"Pipestone illustrates the persistent tension inherent in American attempts to adapt the continent’s past for use as a foundation on which to build a cohesive identity. The selective use of a Native sense of sacred traditions made the landscape historically meaningful and worth preserving without compromising secular cultural beliefs in American material progress."
from Building on a Borrowed Past
“Who would have guessed that a slender volume about a tiny prairie town could address so many important topics?”
Western Historical Quarterly
“This fine-grained study of a single community illuminates the larger process of culture production and offers significant insights on the ways that Euro-Americans rewrote the history of expansionism and dispossession of native people.”
Why is there a national monument near a small town on the Minnesota prairie? Why do the town's residents dress as Indians each summer and perform a historical pageant based on a Victorian-era poem? To answer such questions, Building on a Borrowed Past: Place and Identity in Pipestone, Minnesota shows what happens when one culture absorbs the heritage of another for civic advantage.
Founded in 1874, Pipestone was named for the quarries where regional tribes excavated soft stone for making pipes. George Catlin and Henry Wadsworth Longfellow described the place and its tribal history. Promotion by white residents of the quarries as central to America's Indian heritage helped Pipestone obtain a federal Indian boarding school in the 1890s and a national monument in the 1930s.
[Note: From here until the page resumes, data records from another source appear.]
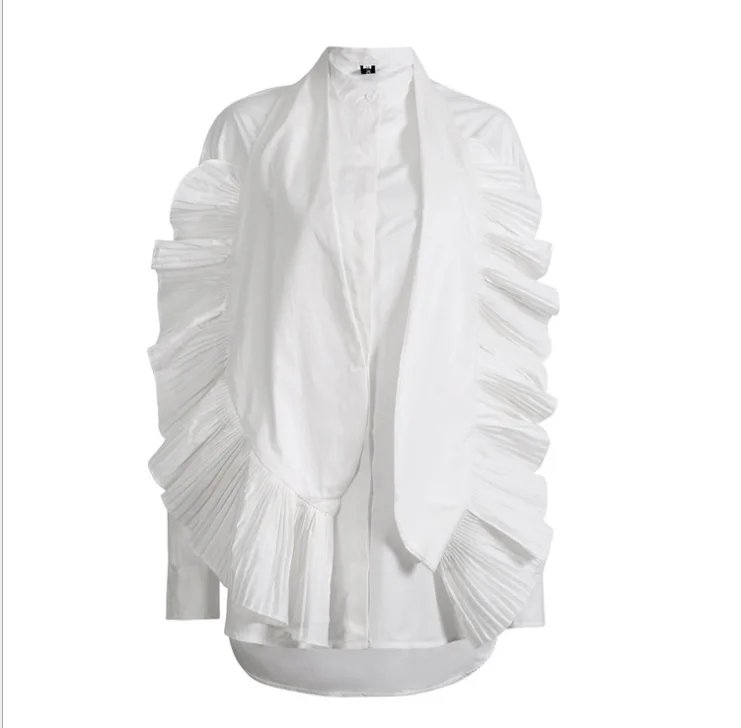 

The new autumn 2020 white shirts for women are designed with stylish and exaggerated pleated ruffles, Customized color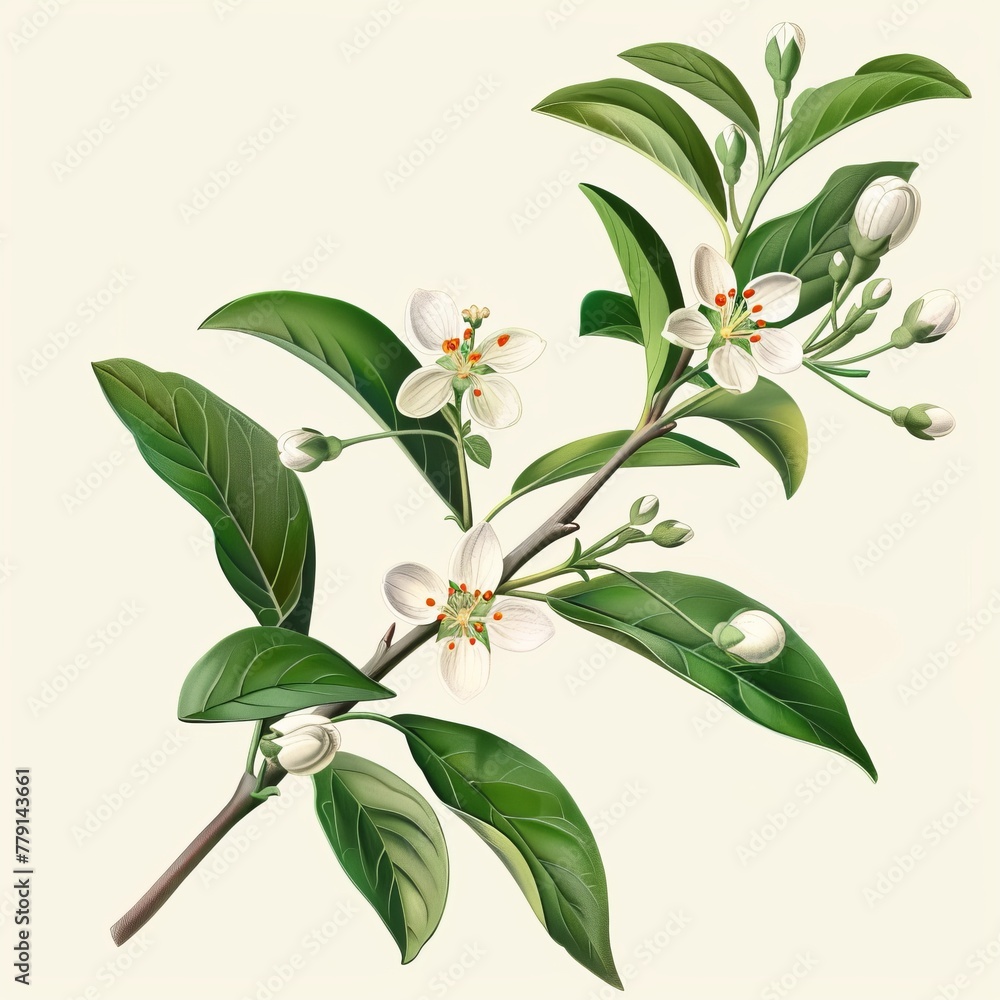 Obraz premium green twigs with leaves and flowers.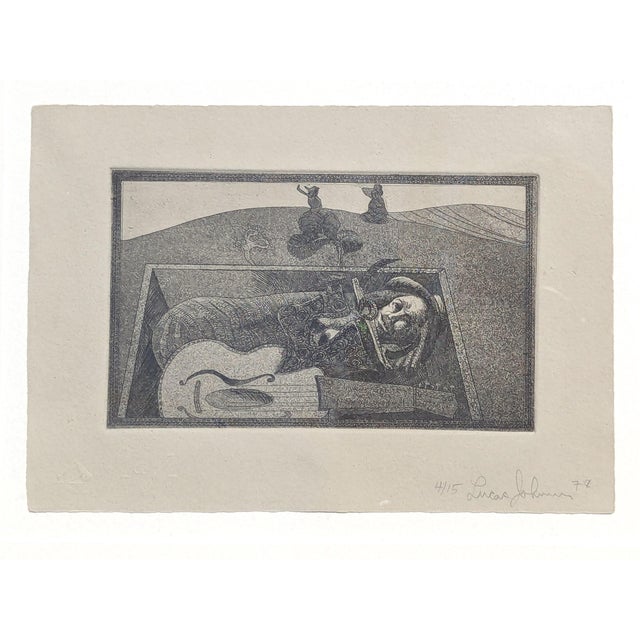 Lucas Johnson Modern Black & White Surrealist Etching of a Figure & Guitar in a Grave Ed. 4/15, 1978 For Sale - Image 11 of 12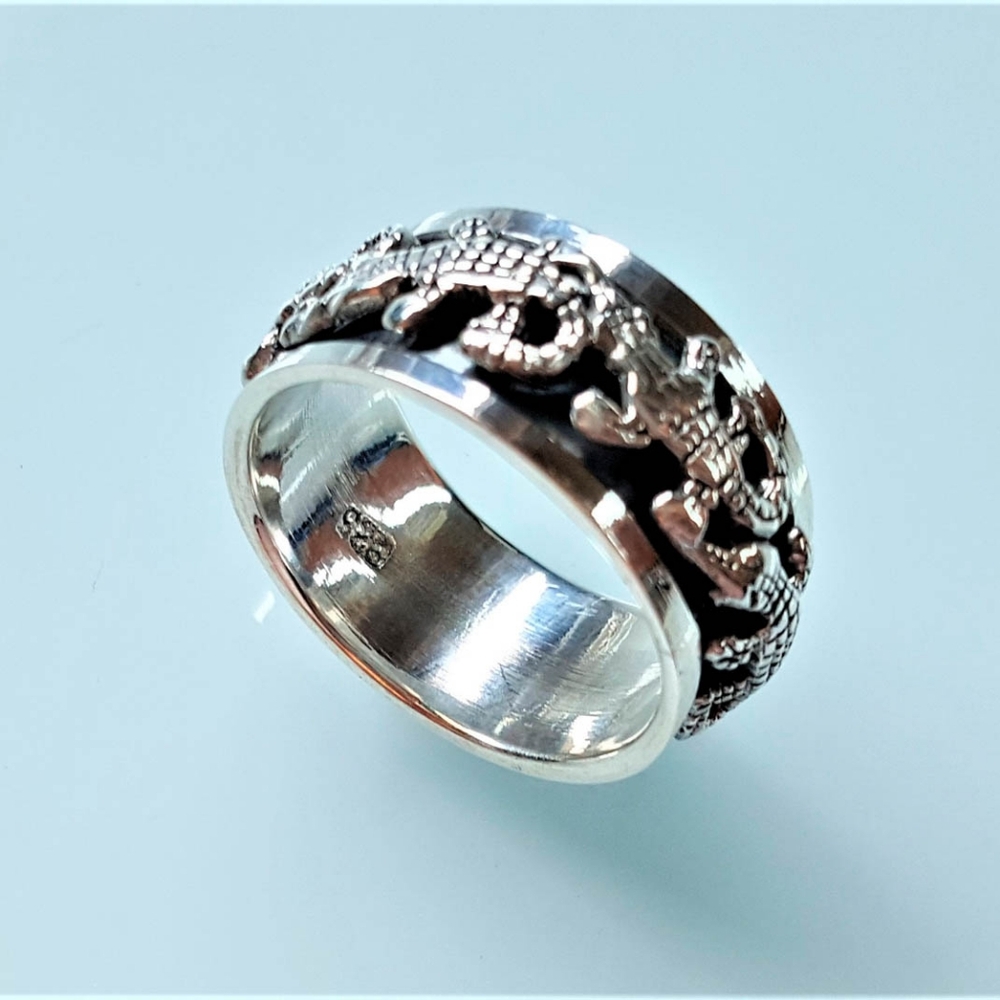 Unisex SOLID .925 Sterling Silver Crocodile Alligator Death Roll Spinner Ring Ha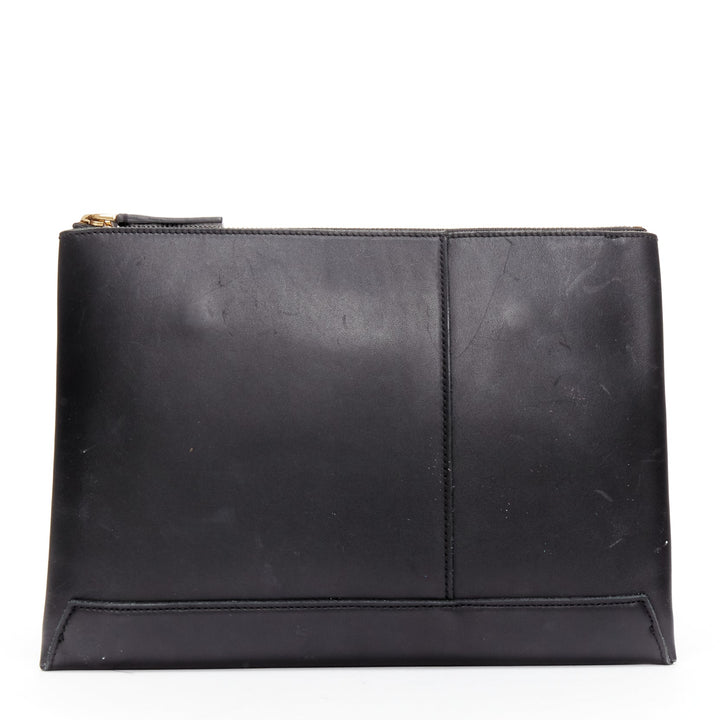 MARNI beige black smooth leather gold stud buckle dual oversized zip clutch bag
The annual “Song of Hiawatha” pageant attracted tourists after World War II. Sally J. Southwick's prizewinning study demonstrates how average, small–town citizens contributed to the generic image of “the Indian” in American culture.
Examining oral histories, memoirs, newspapers, federal documents, civic group records, and promotional literature, Southwick focuses on the role of middle–class individuals in establishing a historical, place–based identity. Building on a Borrowed Past reveals how identities are formed through adaptation of cultural, spiritual, racial, and historical symbols.
Sally J. Southwick is a native of southwestern Minnesota and has lived throughout the West. An independent scholar, she has written on United States culture and western history.